Global Economic Time Bomb: How China’s Trade Manipulation Threatens to Unravel the World Order
The Devastating Consequences of China’s Overproduction
A tsunami of cheap Chinese imports is flooding the domestic market, causing industries to falter, companies to collapse, and factories to close forever. The livelihoods of countless families are being destroyed, and this may explain the original “China shock,” the long-term consequences of America’s “free trade” policy with China, which led to the loss of 2.4 million jobs in the United States between 1999 and 2011.
This phenomenon is not limited to the United States. A massive oversupply of essential industrial inputs and high-value goods due to overproduction in China is affecting countries around the world. In Latin America, the sudden influx of Chinese imports has pushed Brazil’s chemical industry to an all-time low, and Chile’s only steel mill has closed. In Asia, India and Vietnam are exploring various market disruptions. In Europe, British machine manufacturers have had to sell their products at a loss, and Chinese cars have taken over a third of the EU electric car market in less than five years.

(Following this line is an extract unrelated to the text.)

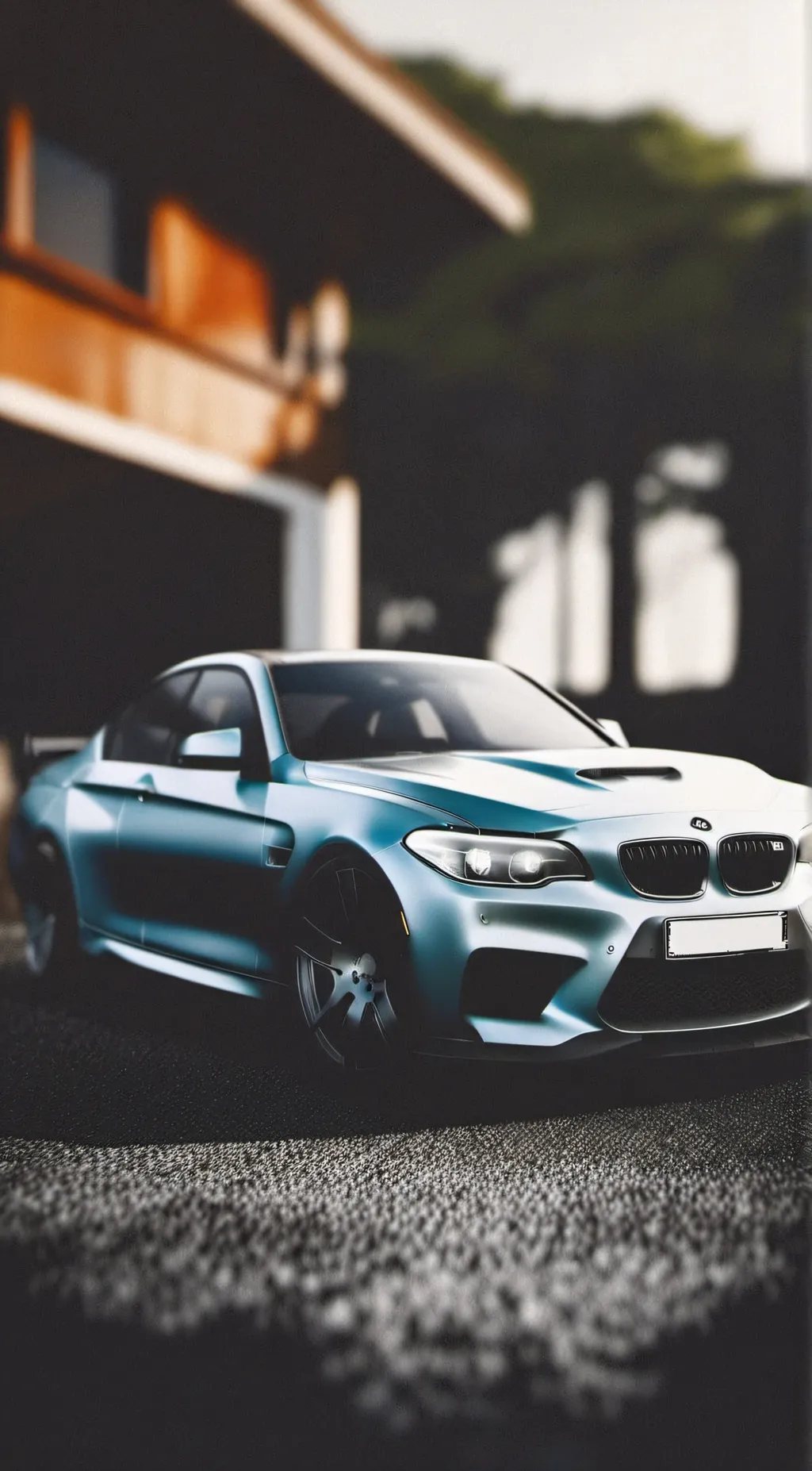 ai character: Car background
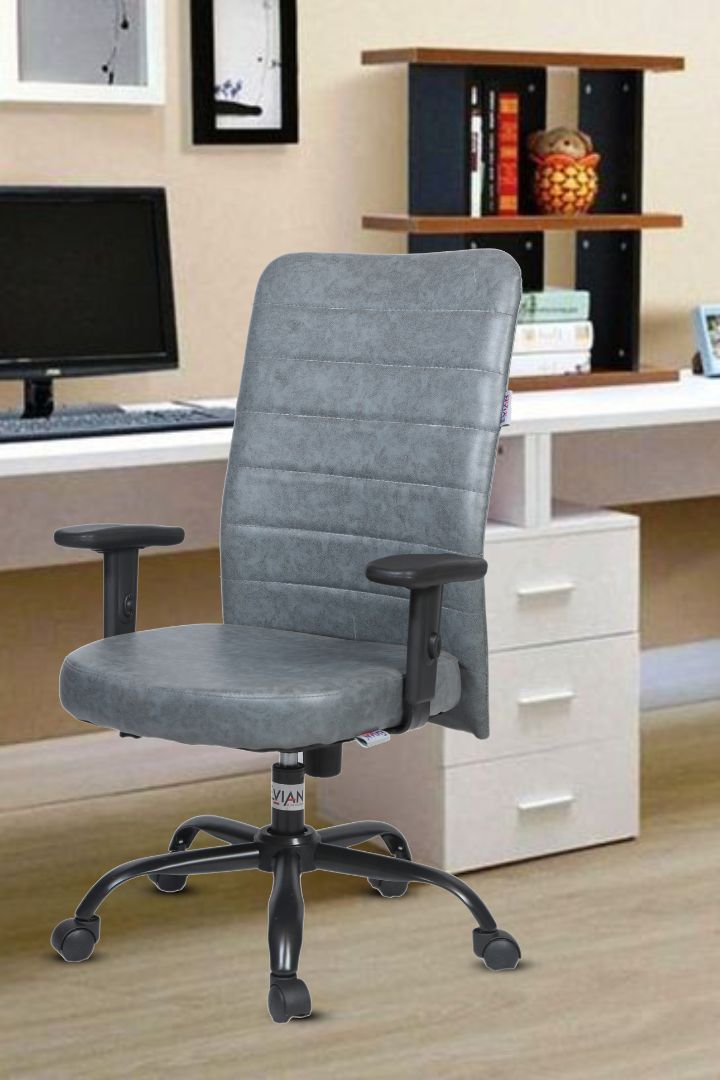 Evian leatherite Visitor or staff office chair (SC-5)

This “China Shock 2.0” could devastate many national economies. Experts say the impact could be “more profound” than the first China shock because it involves industries more critical to the country’s survival. Gone are the days when China’s manufacturing ambitions were limited to cheap toys and clothing. Today, Beijing openly touts its goal of establishing China as the sole supplier of goods and high-tech products that other countries cannot function without.
However, the elites around the world who are invested in the economic status quo are determined to do nothing. German Chancellor Olaf Scholz and Spanish Prime Minister Pedro Sánchez are examples of leaders who are undermining the EU’s plans to impose tariffs on Chinese electric cars. The auto industries in these countries stand to gain short-term benefits from car sales in China and from Chinese investment in their own electric car companies.
The International Monetary Fund (IMF) also supports “open, stable and transparent trade policies” that are the opposite of China’s export dumping. However, IMF economists blame Beijing’s industrial policies for the COVID-19 pandemic on “macro factors,” while chastising the United States for defending domestic production. This is due to the institution’s bias towards Beijing’s membership and its economists being blinded by free-trade fundamentalist teachings.
China’s overproduction is no accident. The Chinese Communist Party set out to dominate global trade in essential industrial inputs and high-value goods nearly a decade ago. According to recent research, Beijing has near-complete control over the supply chains of industries that will define the 21st century. This poses a threat to countless non-Chinese companies and the working families who depend on them around the world. It also threatens U.S. national security, as the more we rely on major adversaries for our critical goods, the more likely it is that our enemies will be able to cut us off from them.
The Chinese Communist Party is already exercising this power through new restrictions on antimony, a metal essential to the production of many military goods, including bullets, missiles, and nuclear weapons. Half of the world’s supply comes from China, meaning Beijing’s new trade restrictions are deliberately disrupting our defense industrial base.
To secure our economic independence, we must challenge China’s domination. We need to invest more in domestic production, find non-Chinese sources of key inputs, deregulate our repressed manufacturing sector, and raise tariffs on Chinese imports. We need to make sure that these tariffs also apply to Chinese companies that try to avoid them by opening stores in third countries like Mexico. And we must strengthen protections against Beijing’s espionage and intellectual property theft.
Other countries should do the same. Evidence suggests that “free trade” with China is a one-way ticket to industrial collapse, corporate bankruptcies, widespread unemployment, and security dependence on power-hungry dictatorships. Whatever the leaders hope to gain by riding the tiger, and whatever value the elites see in simply accepting a second China Shock, no short-term gain will be worth the terrible cost.
Marco Rubio (R) is a United States Senator from Florida.